Rather than “The Sisterhood of the Traveling Pants,” it became the sisterhood of the traveling book.
If you’ve ever wondered how influential your book recommendations are—well, you might just have a Ben’s Book Club in the making.
Thanks for always giving great recs.
Holly ain’t the only one over the years to request a Ben Settle book club.
And while I do talk about certain books in these emails and in the paid Email Players newsletter and in my free Settleheads Facebook group at times, the reality is, most of the books I currently read would be of zero interest to the rank & file in my Horde.
Take, for example, these books from the past year or so:
* “Sargon The Magnificent” – about Cain (from the Bible) and his wanderings that fills in some “gaps” – Biblical, archeological, historical, cultural, etc. “Politically incorrect” doesn’t even begin to describe it.
* “Tracing Our Ancestors” which’d definitely be banned by ICE protesting librarians.

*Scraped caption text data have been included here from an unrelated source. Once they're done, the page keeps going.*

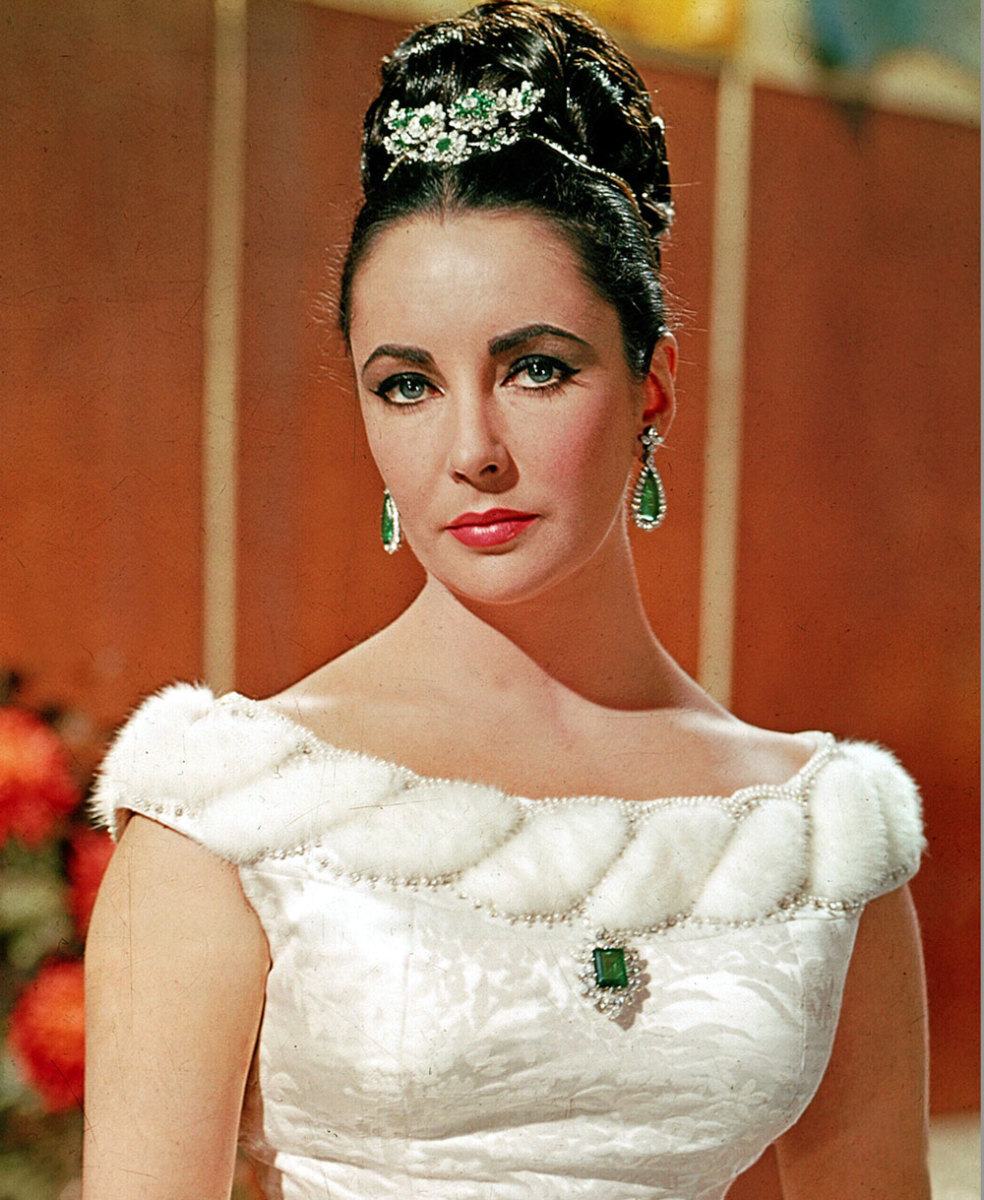Elizabeth Taylor resplendently wears some of her emerald and diamond pieces in the 1963 movie, "V.I.P.s," that were given to her by her fourth husband Eddie Fisher (the flower brooch she is wearing in her hair) and her fifth husband Richard Burton (the pendant earrings and brooch he gave her for their engagement). All are by Bulgari, one of her favorite designers.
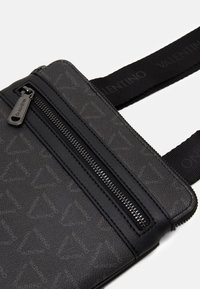 Black leather crossbody bag featuring a smooth finish, subtle logo pattern, front zip pocket, and adjustable webbing strap.
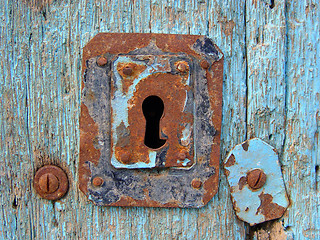 Image showing Blue door with rusty keyhole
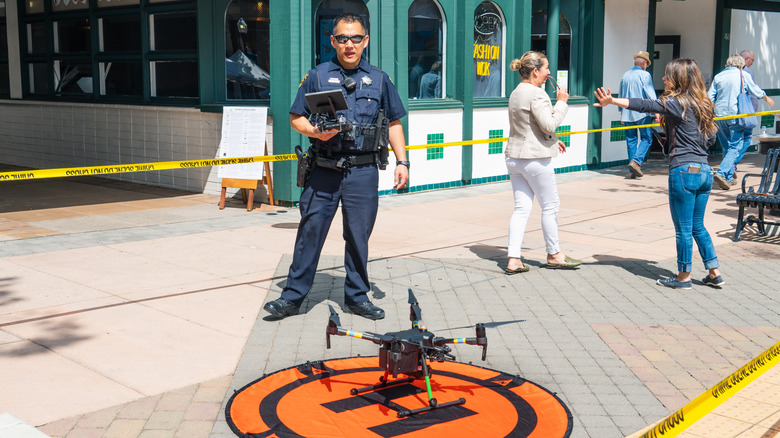 Law enforcement officer with drone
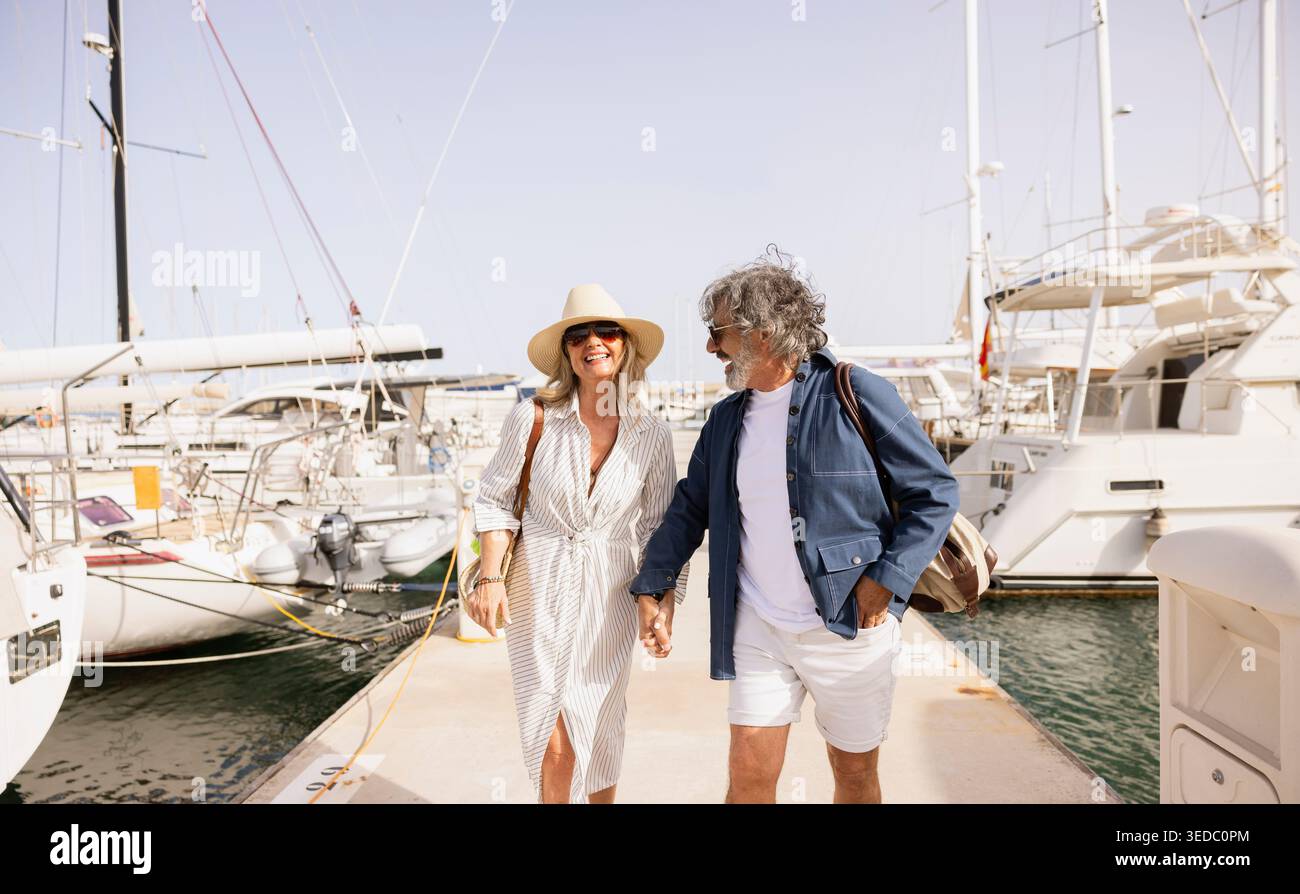 Felice coppia di anziani che si tiene per mano, godendosi una vacanza estiva passeggiando lungo il porto Foto Stock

* “The Abrahamic Covenant” – which I’ve seen some Christians with foreign flags in their bios call abhorrent, but they never call it incorrect.

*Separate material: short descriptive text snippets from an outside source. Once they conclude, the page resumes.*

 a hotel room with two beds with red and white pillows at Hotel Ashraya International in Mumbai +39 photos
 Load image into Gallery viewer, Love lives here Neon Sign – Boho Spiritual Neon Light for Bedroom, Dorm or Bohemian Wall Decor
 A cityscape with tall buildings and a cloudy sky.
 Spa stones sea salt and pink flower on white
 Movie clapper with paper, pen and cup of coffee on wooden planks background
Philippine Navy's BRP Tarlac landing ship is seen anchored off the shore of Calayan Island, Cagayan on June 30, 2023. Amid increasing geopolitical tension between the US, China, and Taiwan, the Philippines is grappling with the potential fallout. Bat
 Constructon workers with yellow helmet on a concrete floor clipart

* And the Bible itself – which I read cover-to-cover 3-4 times per year, and often a different version each time
So as you can see:
A Ben Settle book club wouldn’t be of much interest to most on this list.
Nobody opted-in to hear about those topics, after all.

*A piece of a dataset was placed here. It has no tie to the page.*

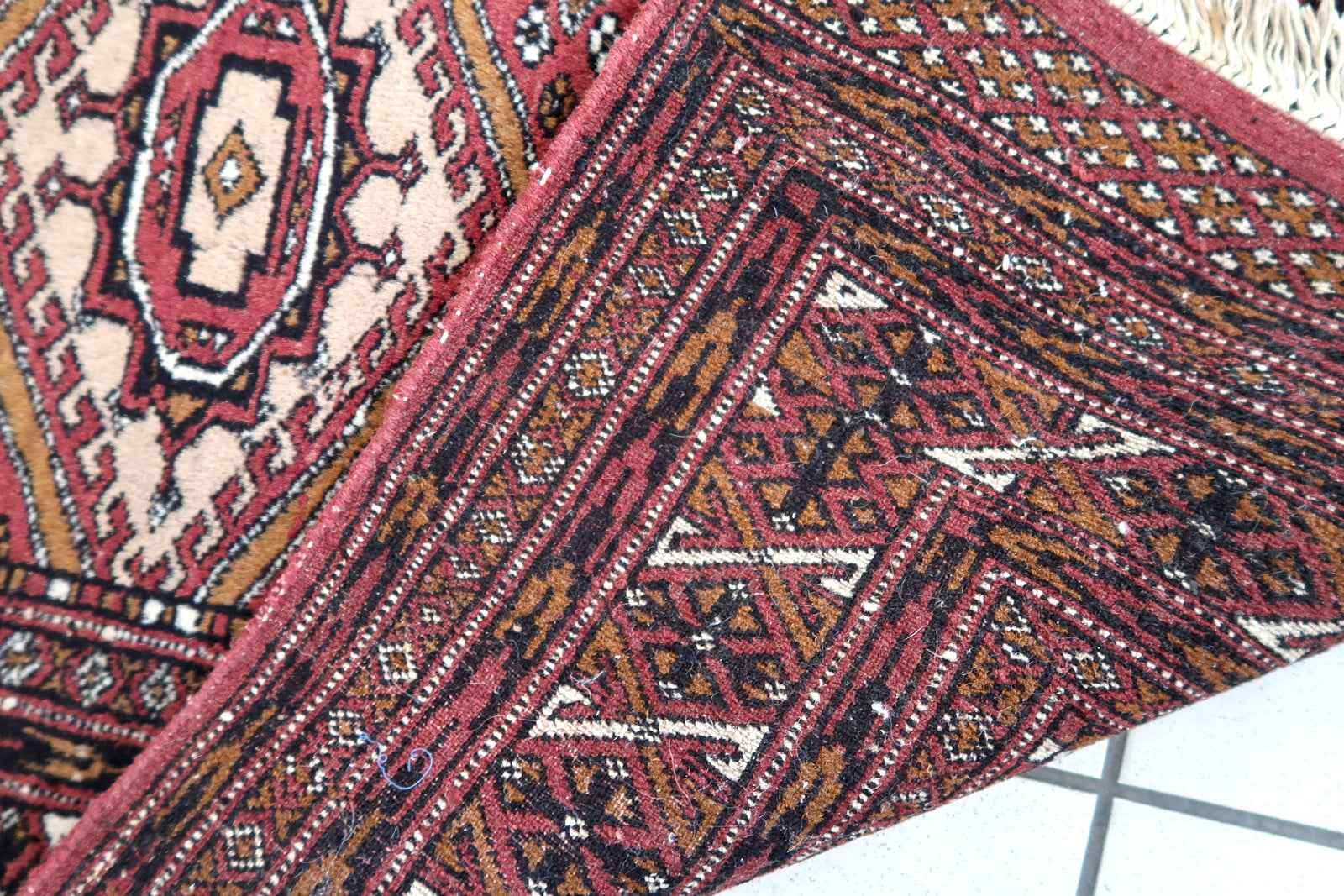 Handmade vintage Afghan Ersari rug in original good condition. The rug has been made in wool in the end of 20th century.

I do still sometimes dip back into business/marketing/copywriting books like Eugene Schwartz’s Breakthrough Advertising, or Ken McCarthy’s System Club Letters, or Joe Vitale’s 7 Lost Secrets of Success (original version from 1990 only), or a Joe Girard book, and a few others I revisit, but rarely any new ones.
If I did have a “book club” though?
I’d shamelessly & egotistically make it for my Enoch Wars novels.
They ain’t exactly Tolkien-level writing or even Stephen King-level writing. But I daresay they’re fast paced, entertaining, and born from my childhood love of 80’s action movies, esoteric Biblical interests, and years of mindlessly playing Dungeons & Dragons and other RPGs as a teenager.
They’ve also been gaining a small, but rabid, fanbase, over the years.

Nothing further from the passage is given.